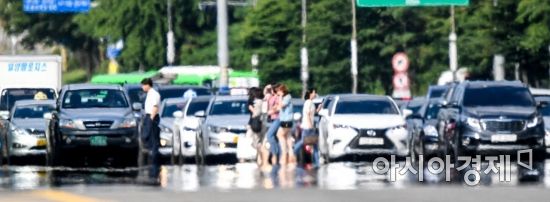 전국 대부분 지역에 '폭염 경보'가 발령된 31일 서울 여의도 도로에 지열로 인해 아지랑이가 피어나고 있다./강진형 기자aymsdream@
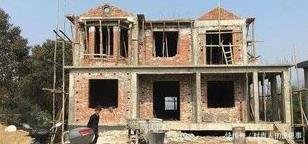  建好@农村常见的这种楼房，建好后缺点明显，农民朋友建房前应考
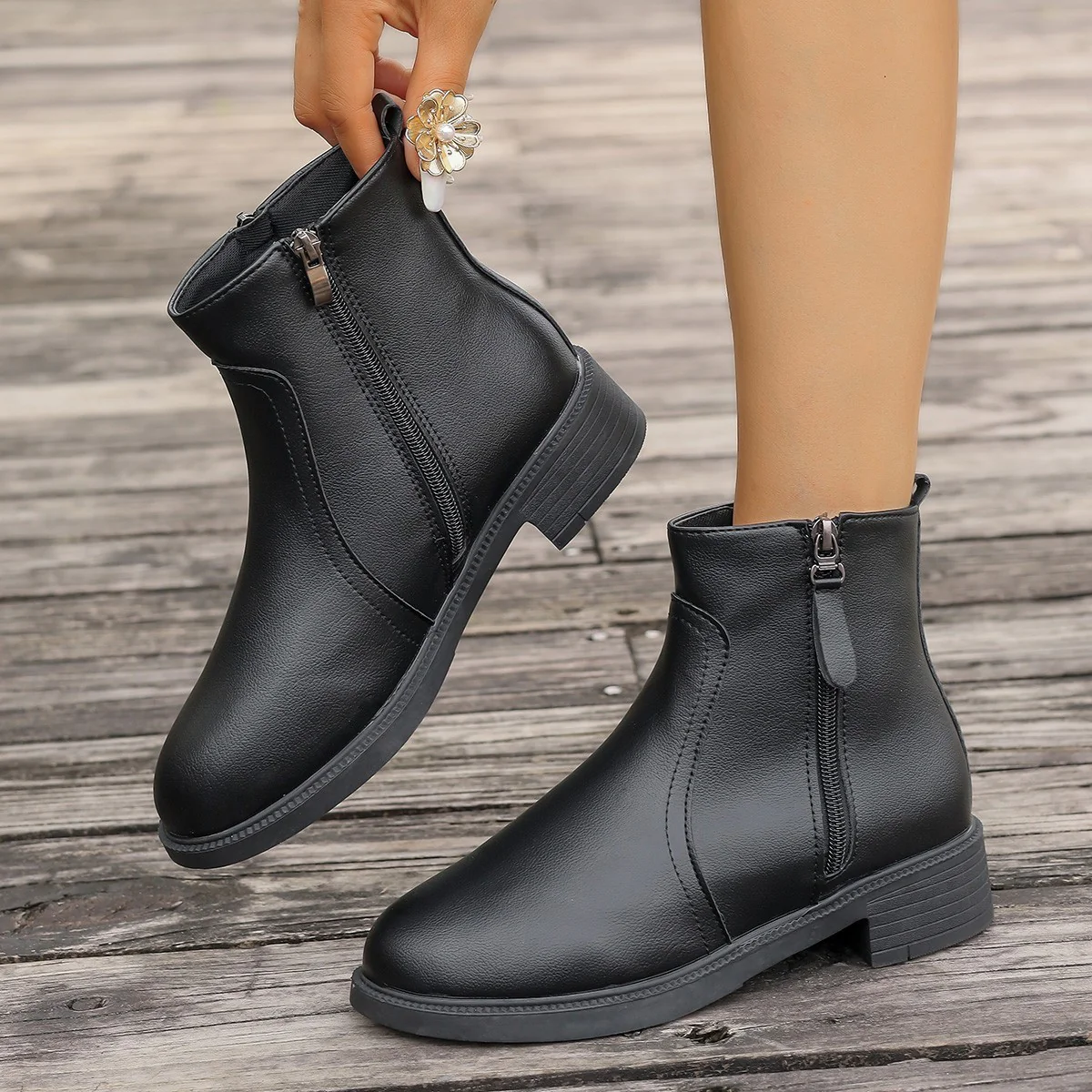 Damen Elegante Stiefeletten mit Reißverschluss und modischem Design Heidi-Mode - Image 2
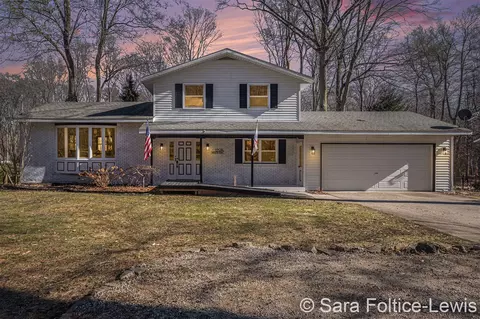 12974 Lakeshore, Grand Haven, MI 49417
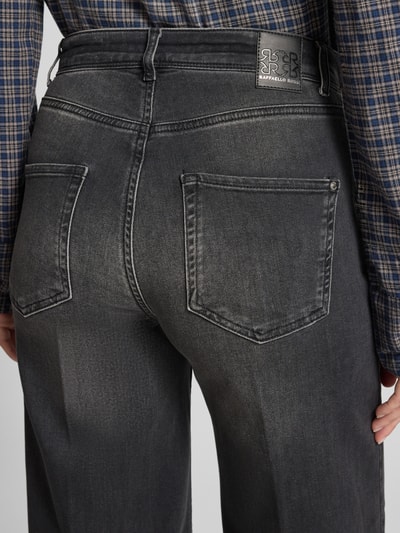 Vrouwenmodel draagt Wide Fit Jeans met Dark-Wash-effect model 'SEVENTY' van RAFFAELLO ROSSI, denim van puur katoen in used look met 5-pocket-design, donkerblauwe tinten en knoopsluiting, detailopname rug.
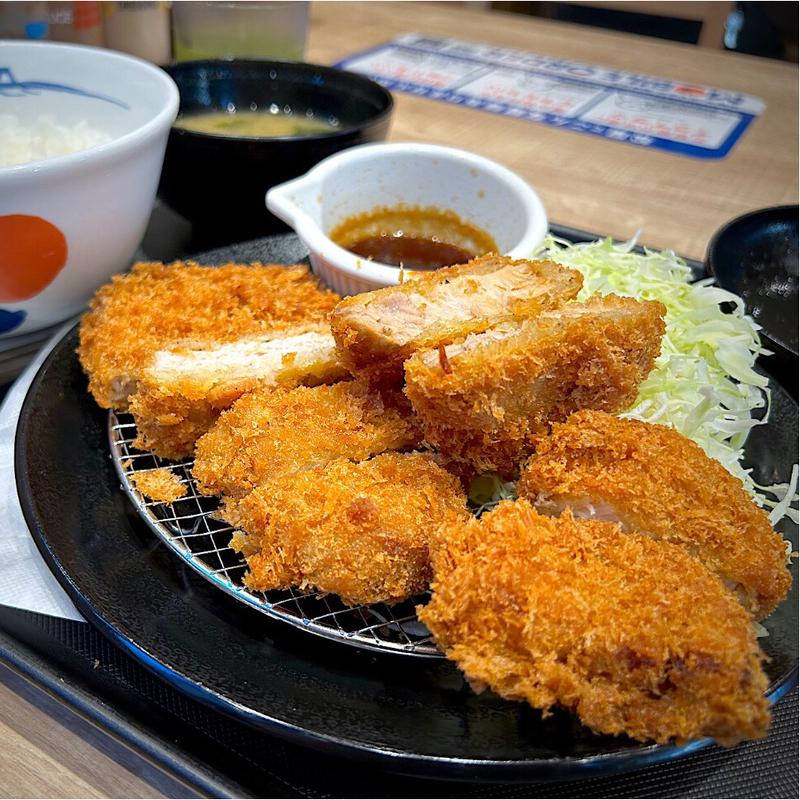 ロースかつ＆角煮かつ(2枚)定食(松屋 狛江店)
○ ○ ○ ○ ○ ○ ○
▸ **Task objective**: Your copy should hold every record word for word and none of the pictures.

▸ **Finished task**:
 전국 대부분 지역에 '폭염 경보'가 발령된 31일 서울 여의도 도로에 지열로 인해 아지랑이가 피어나고 있다./강진형 기자aymsdream@
  建好@农村常见的这种楼房，建好后缺点明显，农民朋友建房前应考
 Damen Elegante Stiefeletten mit Reißverschluss und modischem Design Heidi-Mode - Image 2
 12974 Lakeshore, Grand Haven, MI 49417
 Vrouwenmodel draagt Wide Fit Jeans met Dark-Wash-effect model 'SEVENTY' van RAFFAELLO ROSSI, denim van puur katoen in used look met 5-pocket-design, donkerblauwe tinten en knoopsluiting, detailopname rug.
 ロースかつ＆角煮かつ(2枚)定食(松屋 狛江店)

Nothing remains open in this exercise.